-------- Input data

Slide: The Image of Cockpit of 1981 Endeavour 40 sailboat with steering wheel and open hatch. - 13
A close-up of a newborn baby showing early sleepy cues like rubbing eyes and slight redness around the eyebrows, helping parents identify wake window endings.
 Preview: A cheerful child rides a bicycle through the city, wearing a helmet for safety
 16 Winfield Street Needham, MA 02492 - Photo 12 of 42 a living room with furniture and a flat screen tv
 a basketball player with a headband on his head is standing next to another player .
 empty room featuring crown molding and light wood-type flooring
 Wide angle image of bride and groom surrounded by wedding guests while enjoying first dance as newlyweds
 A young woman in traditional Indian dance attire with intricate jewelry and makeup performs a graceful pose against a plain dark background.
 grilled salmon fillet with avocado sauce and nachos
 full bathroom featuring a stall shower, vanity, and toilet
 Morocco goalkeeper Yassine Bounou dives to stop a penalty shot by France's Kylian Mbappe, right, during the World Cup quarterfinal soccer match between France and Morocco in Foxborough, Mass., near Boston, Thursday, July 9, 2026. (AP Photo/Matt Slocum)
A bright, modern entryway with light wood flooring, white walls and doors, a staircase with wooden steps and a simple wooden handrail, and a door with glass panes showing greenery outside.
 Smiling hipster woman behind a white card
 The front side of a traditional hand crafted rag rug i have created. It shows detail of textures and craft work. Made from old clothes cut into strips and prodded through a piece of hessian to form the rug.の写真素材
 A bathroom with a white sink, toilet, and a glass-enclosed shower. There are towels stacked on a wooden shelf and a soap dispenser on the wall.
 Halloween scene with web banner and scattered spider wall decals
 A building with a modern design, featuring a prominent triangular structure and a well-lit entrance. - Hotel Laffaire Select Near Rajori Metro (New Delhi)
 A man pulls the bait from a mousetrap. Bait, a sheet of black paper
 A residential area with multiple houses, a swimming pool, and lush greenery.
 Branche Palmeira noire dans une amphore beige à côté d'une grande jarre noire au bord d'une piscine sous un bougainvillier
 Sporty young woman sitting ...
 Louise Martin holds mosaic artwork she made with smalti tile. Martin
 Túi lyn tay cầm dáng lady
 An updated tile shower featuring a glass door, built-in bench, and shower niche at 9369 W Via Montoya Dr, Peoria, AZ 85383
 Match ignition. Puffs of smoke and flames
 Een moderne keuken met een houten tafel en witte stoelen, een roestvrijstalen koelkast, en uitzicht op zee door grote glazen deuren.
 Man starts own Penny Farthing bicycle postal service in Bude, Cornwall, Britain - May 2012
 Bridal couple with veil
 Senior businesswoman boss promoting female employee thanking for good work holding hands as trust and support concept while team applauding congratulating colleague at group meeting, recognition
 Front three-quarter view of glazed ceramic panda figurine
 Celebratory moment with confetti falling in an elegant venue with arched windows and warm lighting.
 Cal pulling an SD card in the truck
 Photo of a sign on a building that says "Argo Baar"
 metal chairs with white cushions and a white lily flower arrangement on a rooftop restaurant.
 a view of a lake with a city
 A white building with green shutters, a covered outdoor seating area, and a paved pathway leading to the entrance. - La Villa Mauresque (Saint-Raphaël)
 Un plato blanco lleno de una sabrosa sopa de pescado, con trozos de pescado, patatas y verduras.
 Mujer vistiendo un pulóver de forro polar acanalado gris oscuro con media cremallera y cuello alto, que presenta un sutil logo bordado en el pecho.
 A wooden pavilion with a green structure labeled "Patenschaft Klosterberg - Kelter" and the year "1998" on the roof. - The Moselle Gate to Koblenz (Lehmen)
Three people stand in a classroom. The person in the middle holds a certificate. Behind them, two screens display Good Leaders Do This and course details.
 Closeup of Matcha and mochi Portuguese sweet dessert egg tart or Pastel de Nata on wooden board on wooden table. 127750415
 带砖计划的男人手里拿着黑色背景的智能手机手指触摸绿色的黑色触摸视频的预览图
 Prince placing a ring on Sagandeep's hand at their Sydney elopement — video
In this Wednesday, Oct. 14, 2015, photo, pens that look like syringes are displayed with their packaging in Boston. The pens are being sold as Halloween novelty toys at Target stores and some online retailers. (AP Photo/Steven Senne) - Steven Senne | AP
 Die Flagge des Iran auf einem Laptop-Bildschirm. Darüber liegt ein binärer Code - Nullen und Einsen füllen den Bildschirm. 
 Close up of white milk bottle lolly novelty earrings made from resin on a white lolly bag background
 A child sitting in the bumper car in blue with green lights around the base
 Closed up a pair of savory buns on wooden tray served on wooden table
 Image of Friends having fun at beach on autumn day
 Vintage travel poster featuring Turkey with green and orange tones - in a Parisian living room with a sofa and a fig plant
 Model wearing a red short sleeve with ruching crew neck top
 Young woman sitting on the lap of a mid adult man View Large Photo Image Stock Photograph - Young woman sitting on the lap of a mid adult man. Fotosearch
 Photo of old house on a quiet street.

----------------

### [Assignment]
Of the entries above, repeat exactly the lines between the line with "Louise Martin holds" and the line with "An updated tile", inclusive, and no others.

### [Exercise response]
 Louise Martin holds mosaic artwork she made with smalti tile. Martin
 Túi lyn tay cầm dáng lady
 An updated tile shower featuring a glass door, built-in bench, and shower niche at 9369 W Via Montoya Dr, Peoria, AZ 85383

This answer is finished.